Eve gelip direk duşa girmiştim. Gerçekten çok yorgundum... üstme sadece iç çamaşırlarımı giyerek yatağıma girdim ve ısınmaya çalıştım. Annem, arkadaşları ve ablam ile birlikte Antalya'ya gitmişlerdi. Ben ise evde tek başıma duruyordum maalesef ki! Zaten Öykü kim ki kim yaa Öykü!
"Alo." Dedim çalan telefonumu açarak.
"Kapıya bakacak mısın artık?" Dedi Deniz.
"Offf tamam bekle biraz." Dedim ve altıma eşofmannımı üstüme de dar kısa kollu badimi giydim. Kapıyı açtığımda Mert ve Deniz tam karşımda duruyorlardı. Kafamdan düşmek üzere olan saç havlusunu tekrar kafama sardım ve paytak paytak salona geçtim. Tam tek kişilik sallanan koltuğa geçecektim ki Mert benden önce davranıp atladı koltuğa.

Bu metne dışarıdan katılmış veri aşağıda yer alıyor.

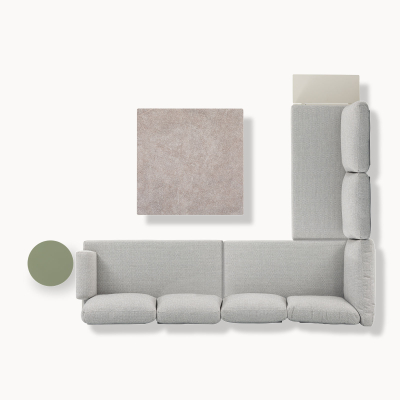 Yasmin Aluminium Large Corner Sofa Lounging Set in Pebble & Avocado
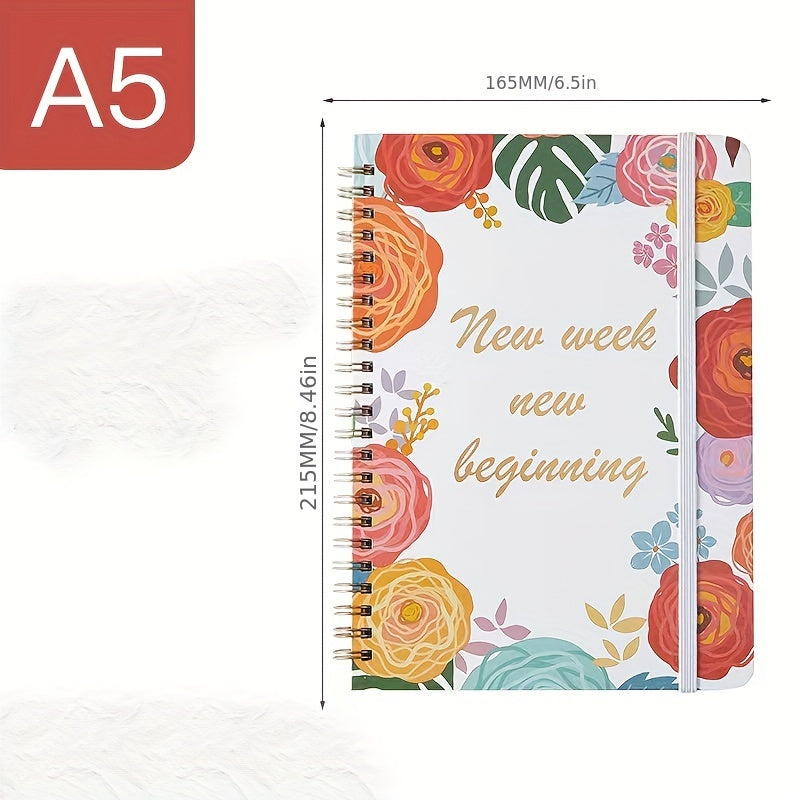Flower Pattern Weekly Planner English Notepad Coil Schedule Book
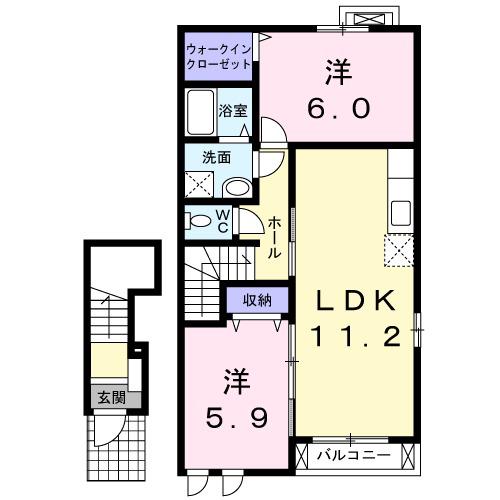 K・M HILL(2LDK/2階)の間取り写真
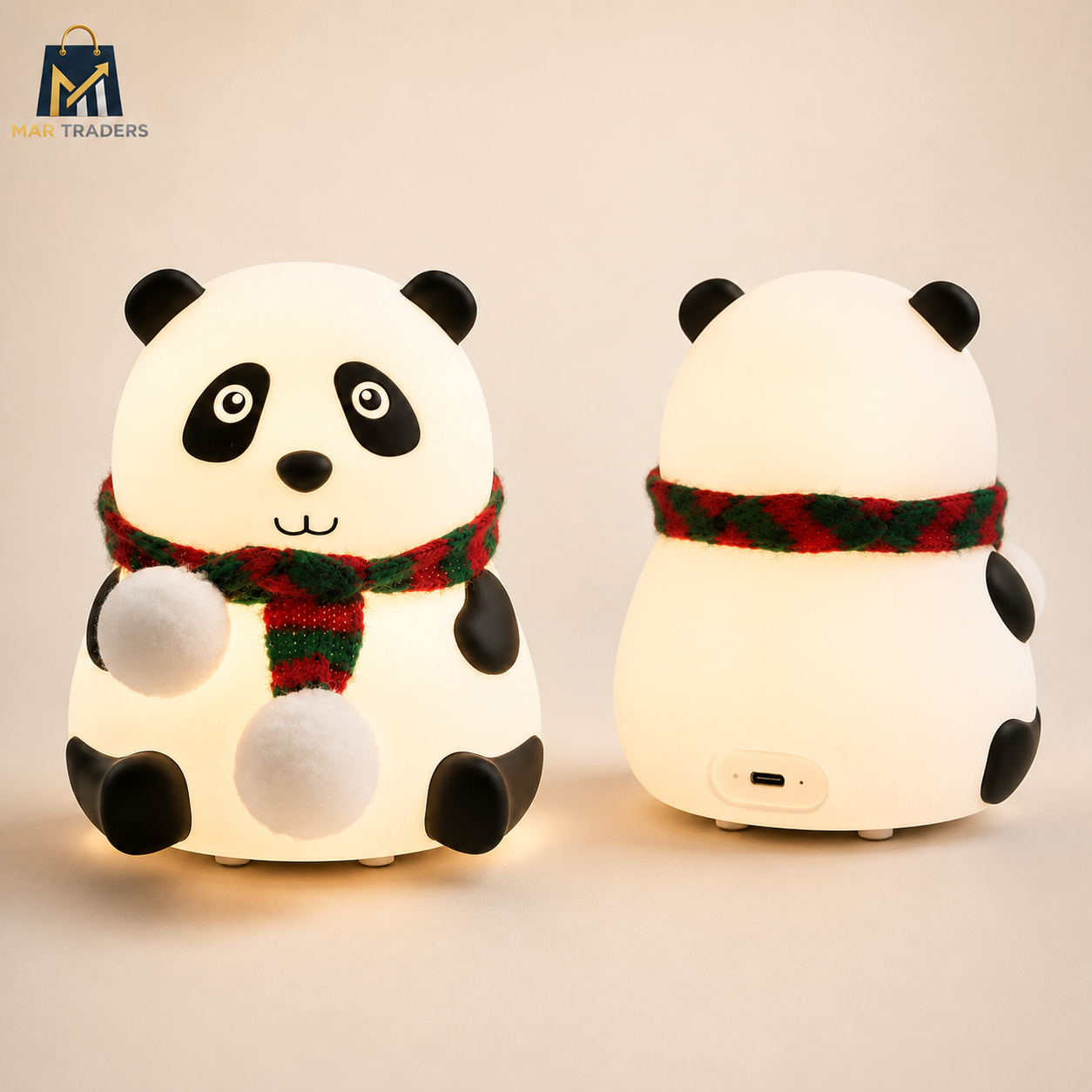 Front and rear views of panda night light with USB-C charging port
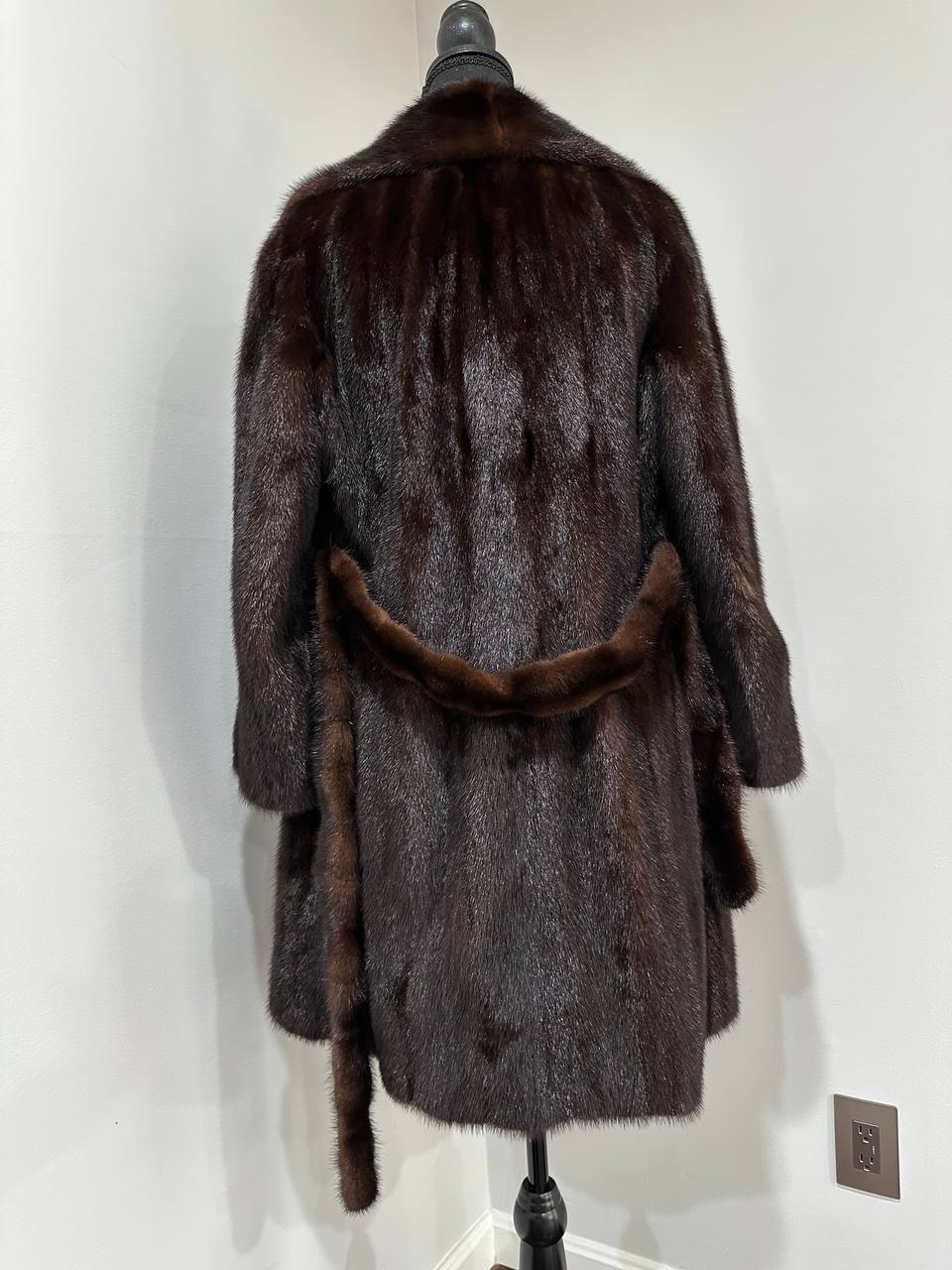 Women Real GENUINE Mink Fur coat belted brown chocolate size S NEW 1109935 FURSTAR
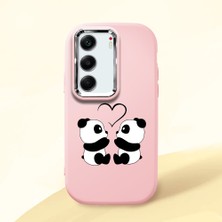 HONTINGA Tecno Camon 40 ile Uyumlu Kılıfı Kamera Korumalı Düşüme Önleyici Basitlik Pembe Yumuşak Silikon Telefon Kılıfı Panda Desenli K4-0239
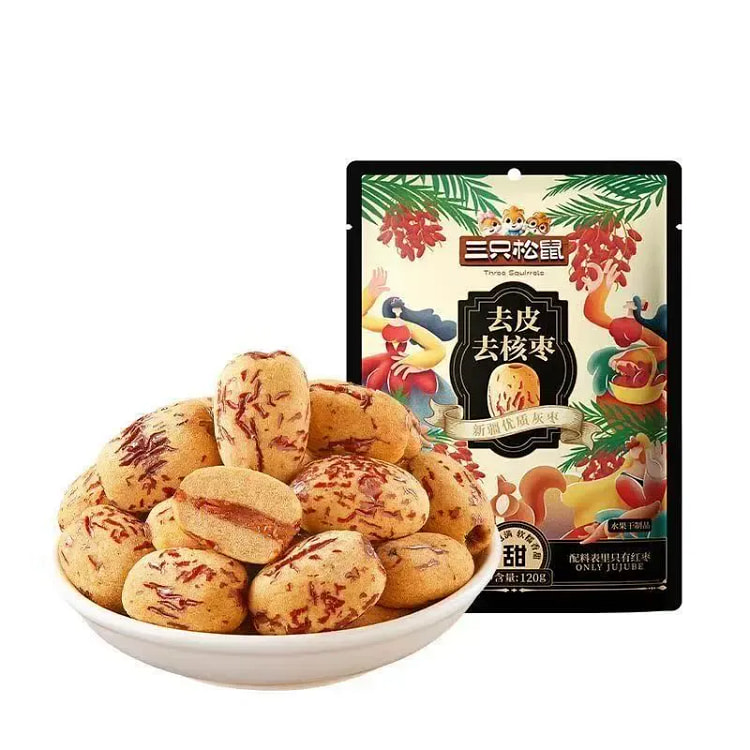 三只松鼠去皮去核红枣和田特级灰枣120g*1袋 120 克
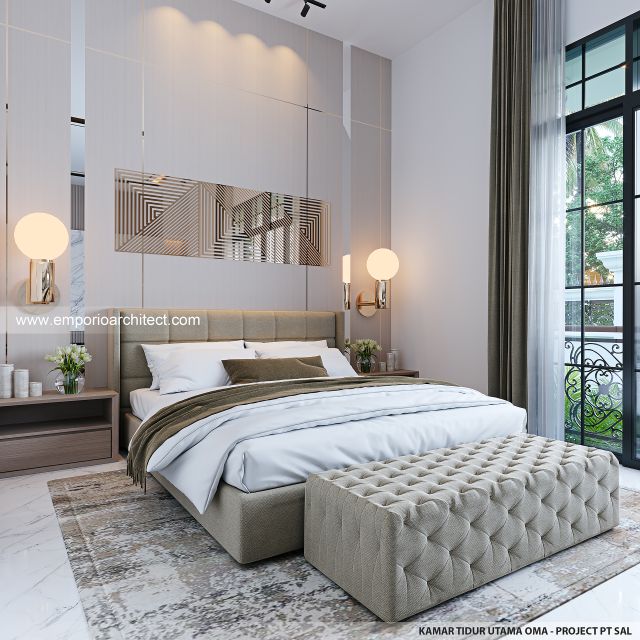 Desain Kamar Tidur Utama Rumah Klasik 2 Lantai PT. SAL di Pontianak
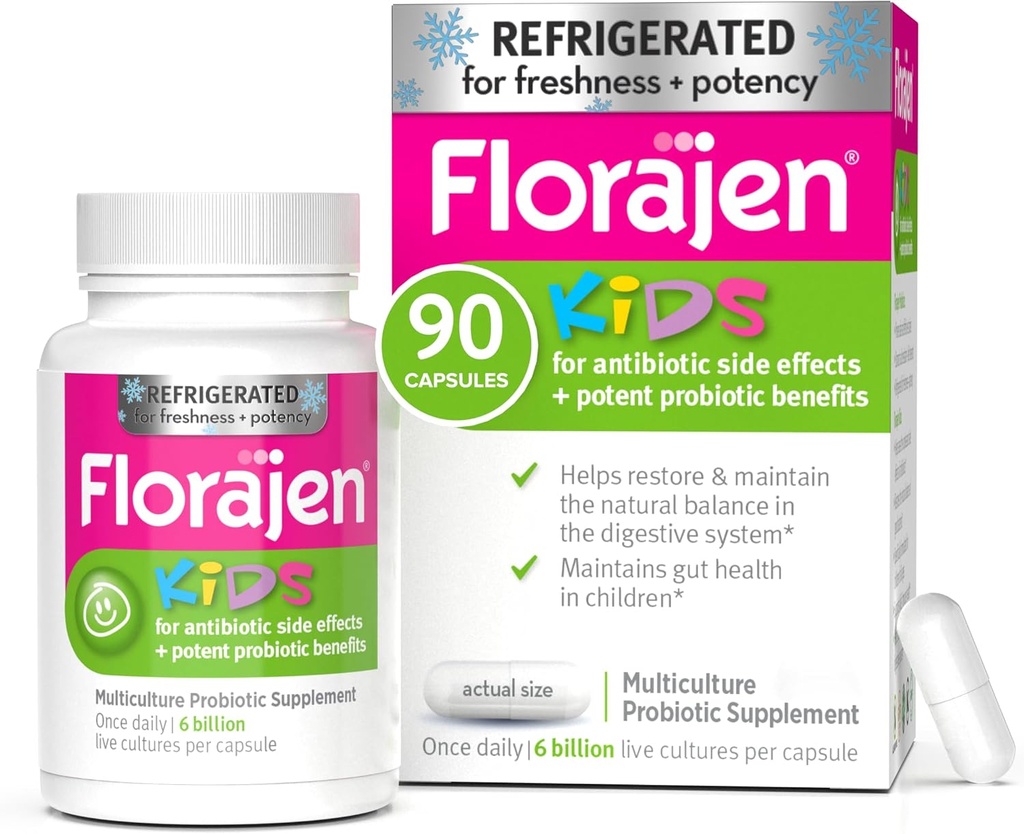Florajen Kids Probiotic, 6 milliards d'UFC, Probiotiques réfrigérés pour les enfants, Supplément probiotique multi-culture, Soulage le gaz occasionnel, Bloating & Constipation, Soutient la santé Gut, 30 Ct (3 Pack)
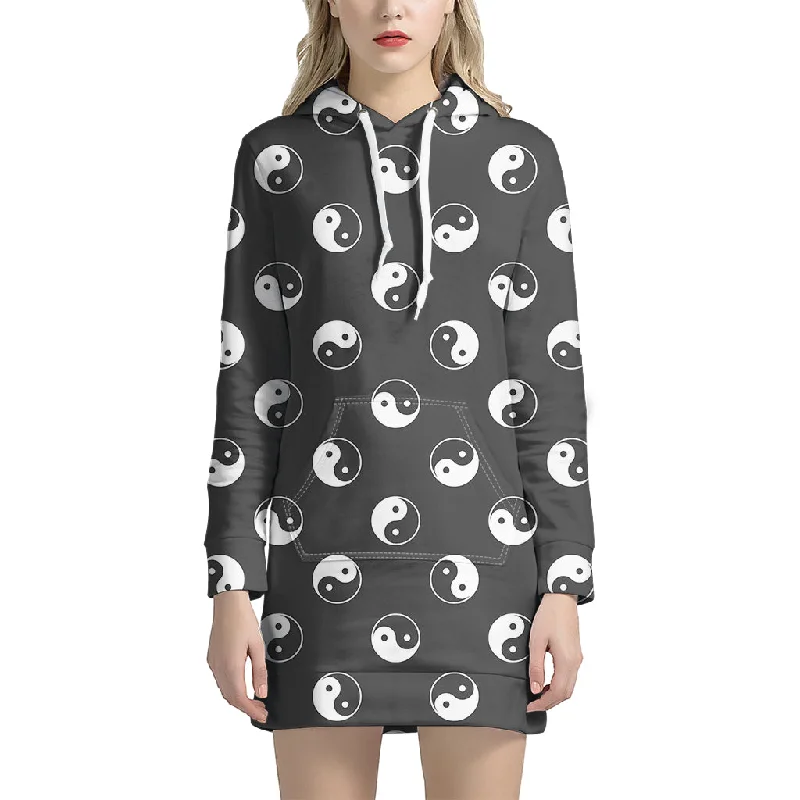 Grey And White Yin Yang Pattern Print Pullover Hoodie Dress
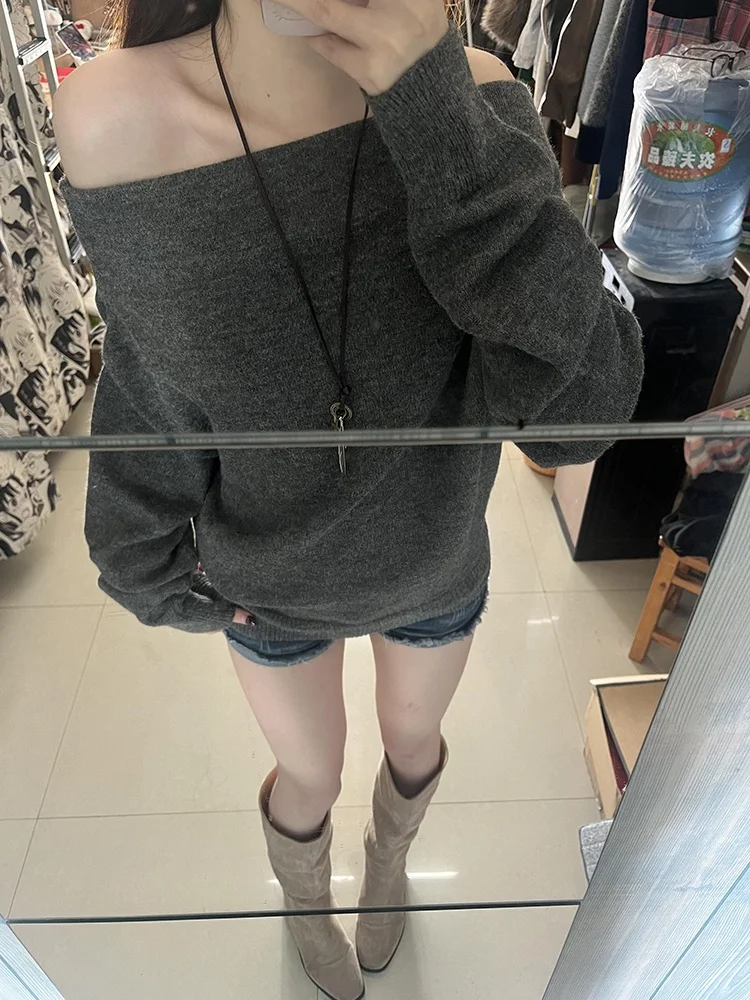 ay Off-oulder Long Sve Strickpullover Damen Loose Fit Base irt Herbst Winter New Sle Korean Sle Regular Fit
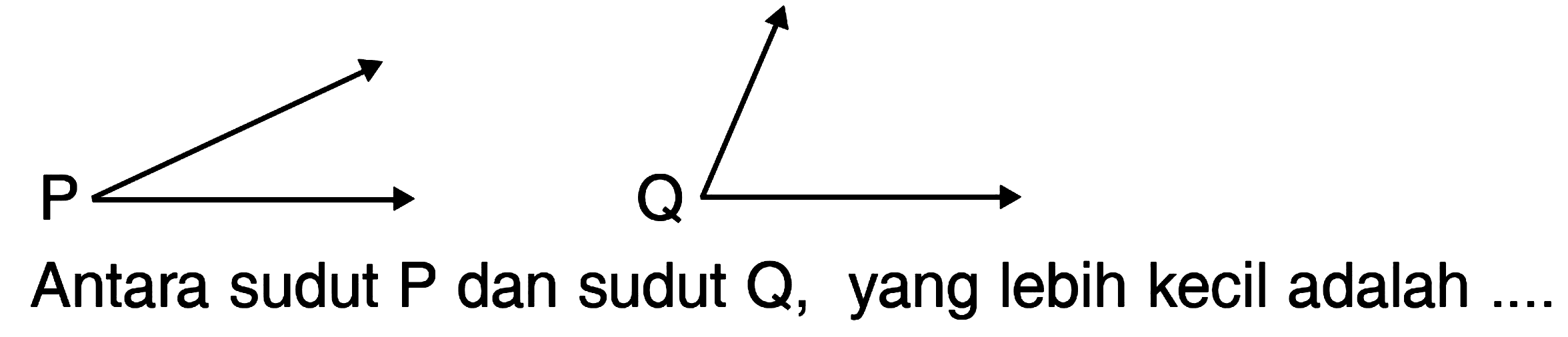 Antara sudut P dan sudut Q, yang lebih kecil adalah....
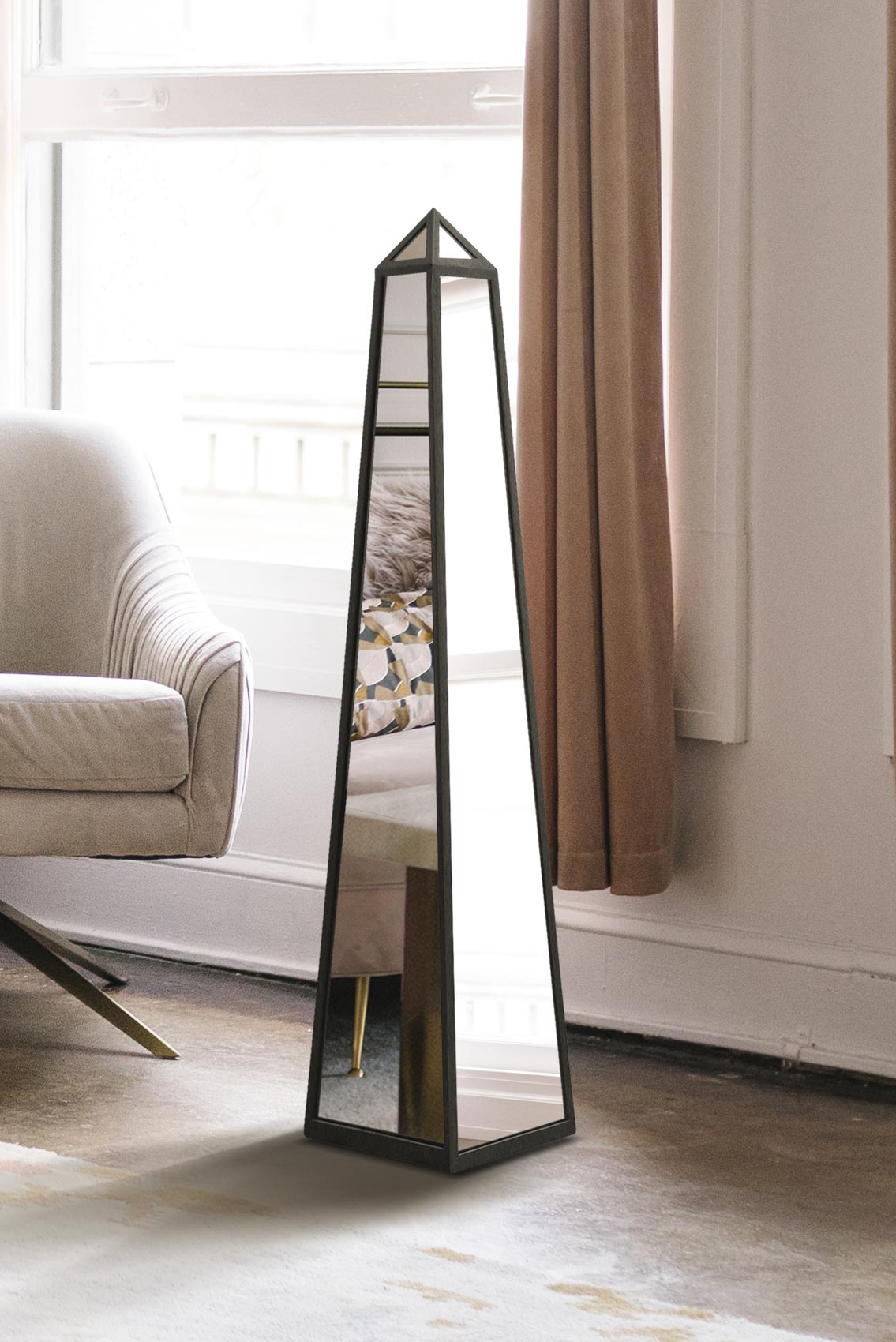 The Obelisk - New Black Metal Edged Mirrored Ornament 39" X 8" X 8" (100CM X 20CM X 20CM) (15010555134330)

"Mal..." diye mırıldanıp ikili koltuğa geçtim. Mert ise elindeki poşetten donrdurmasını çıkartıp yemeye başladı.
"Al hadi al utanma Öyküaşkım." Dedi bana mal mal bakıp.
"Ver bakayım beler almışsın böyle." Dedim ve önündeki poşeti bir çırpıda alıverdim. 'Ay şimdi yer hepsini ayı!' Ulan sus benim asabımı bozma!
"Eee... naber?" Dedi Deniz imalı imalı(!)
"Ne 'naber'?" Dedim onu taklit ederek.
"Anan naber?(!) mal mısjn be! Diyoru-" sözünü Mert kesti.
"Diyor ki gece Burak ile ne tür fanta-" derken yanımdaki yastığı kafasına fırlattım. Kafasını ovuşturarak konuşmaya başladı.
"Ya ne fesatsın sende! Ne fantastik maceralar geçirdiniz? Diye soracaktım!" Dedi ve donrdurmasına devam etti.
"Ay ne yapcaz be biz o pis herif ile?! Salak salak şeyler soruyosunuz sizde!" Dedim sinirlenerek.
"E kızım ne yapalım? Bu arada hazırlan! Denize gidiyoruz!!" Diyerek el çırptı Deniz.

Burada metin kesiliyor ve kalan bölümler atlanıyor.